Famous Last Words
There have been many (alleged) Famous Last Words over the years.
- Kismet, Hardy.
- I told you I was ill.
- Either that Wallpaper goes, or I do.
But the most memorable famous last words that I heard in the past 12 months was. “We’ve designed it so that we don’t need Capacity Management”.
Regular readers will appreciate that I will have greeted this statement with a fair degree of scepticism. Having made a career lasting over 25 years in the Capacity Management world, this would be the first time in my life that anyone had designed a system that didn’t need any form of Capacity Management. I’d go further. This would be the first time that anyone had designed a system that even gave more than a passing thought to Capacity Management!!!
So what had this genius designer done, and how had they achieved the previously impossible?
The service in question was an Oracle RAC Cluster solution that provided a virtualised Oracle environment to multiple clients. Each cluster was made up of 8 physical blades that had their own processor and memory but shared storage. The cluster solution ensured that the blades would be paired together to provide resiliency. All pretty normal so far.
The first step to eradicate Capacity Management was to define T-Shirt sizes for the client databases. Clients could request a Small, Medium, Large, or X-Large database. Each blade could accommodate a fixed number of these T-Shirts, and once the blade was full, then no further requests could be placed. Yes. I know. Anyone reading this who has even the slightest connection to Capacity Management is already seeing that we have a “finite limit” there, and that is bread-and-butter for Capacity Management.

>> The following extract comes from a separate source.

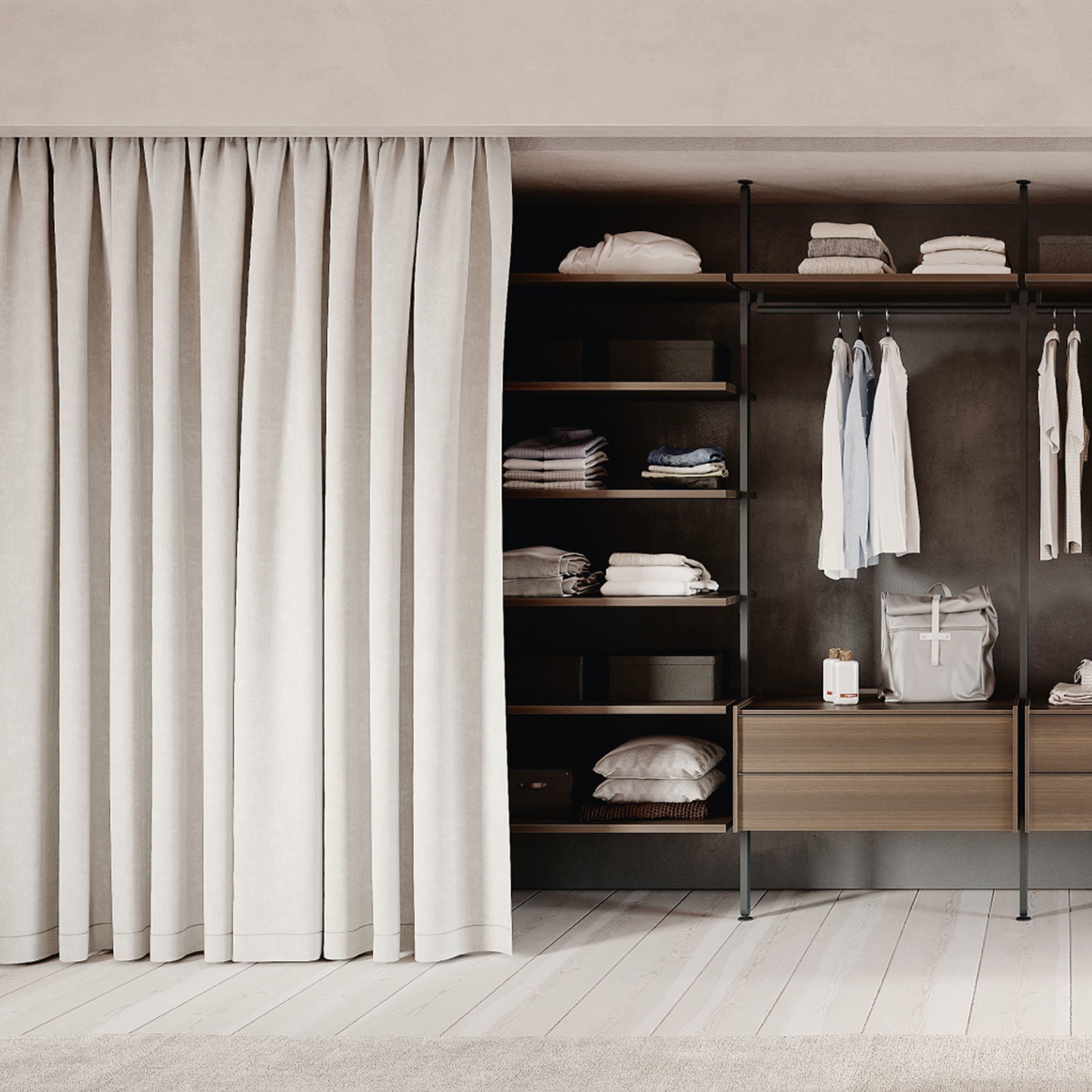 WALK-IN CLOSETS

But no. The designer had thought of this (he said), and each blade could only support one type of T-Shirt at a time. Therefore once a client had requested a “Medium” database and this had been placed onto blade “A”, then blade “A” would only ever accept “Medium” requests. This way, the designer said, you don’t need to consider the complicated combination of lots of different T-Shirt sizes on each blade, you just need know the maximum number of “Medium” databases that can be supported and monitor for when you reach that value. Yes. I still know. The designer has said that Capacity Management isn’t going to be required… but there will definitely need to be some MONITORING done of the CAPACITY, and someone will need to MEASURE the UTILISATION to check for when we reach the LIMITS.
Now that sure sounds like Capacity Management to me.

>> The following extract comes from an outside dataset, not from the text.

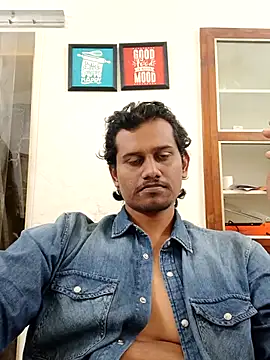 Snapshot of Long_Laster chatting on 02/18/25, 01:44 Long Laster online show from 02/18/25, 01:44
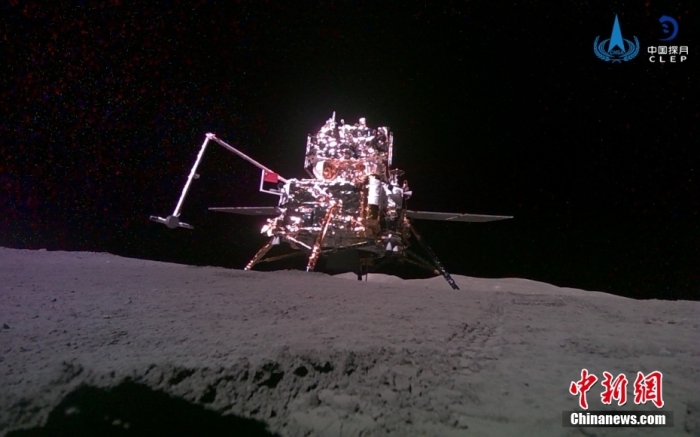 6月3日，嫦娥六号携带的“移动相机”，自主移动并成功拍摄、回传着陆器和上升器合影。中新社发 中国国家航天局 供图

For the first 6 months of the service, the Product team would not let me have access to the monitoring data, and were adamant that they were not going to need more infrastructure for their service.
But then, 6 months ago, disaster. They couldn’t quite understand it. They had plenty of spare infrastructure, but clients were complaining that their requests for new databases were failing. How could this be?
I was asked to take a look.
I have simplified the situation below, but in essence this is where they had ended up.
The maximum capability of a blade to support each T-Shirt size was as follows:
T-Shirt Size | Maximum per blade |
Small | 32 |
Medium | 16 |
Large | 8 |
X-Large | 4 |
And these were the clusters and configurations in place
Blade | Cluster A (T-shirt Size, current builds) |
Cluster B (T-shirt Size, current builds) |
Cluster C (T-shirt Size, current builds) |
1 | Small 15 | Medium 16 | Small 3 |
2 | Small 15 | Medium 16 | Small 3 |
3 | Medium 16 | Small 1 | Medium 16 |
4 | Medium 16 | Small 1 | Medium 16 |
5 | Large 2 | Large 1 | Medium 16 |
6 | Large 2 | Large 1 | Medium 16 |
7 | X-Large 1 | Large 1 | X-Large 1 |
8 | X-Large 1 | Large 1 | X-Large 1 |
So the total status across all clusters was as follows
T-Shirt Size | Live Instances | Spare Capacity |
SMALL | 38 | 154 |
MEDIUM | 128 | 0 |
LARGE | 48 | 40 |
X-LARGE | 16 | 10 |
As you can see, there is plenty of spare capacity… enough for over 200 databases… but sadly… there is no spare capacity for any more MEDIUM databases and each of the three clusters is fully populated so there are no spare blades that could be assigned to MEDIUM databases.
If the SMALL and X-LARGE databases on Cluster C could be moved onto Cluster A, then that would free up some blades for use as MEDIUM hosts. But guess what? The same designer that had allegedly achieved the impossible and made Capacity Management unnecessary had also made it impossible to migrate from one cluster to another.
So relax everyone… Capacity Management is still as necessary as it has always been.. and if this example is anything to go by… it is MORE necessary than ever!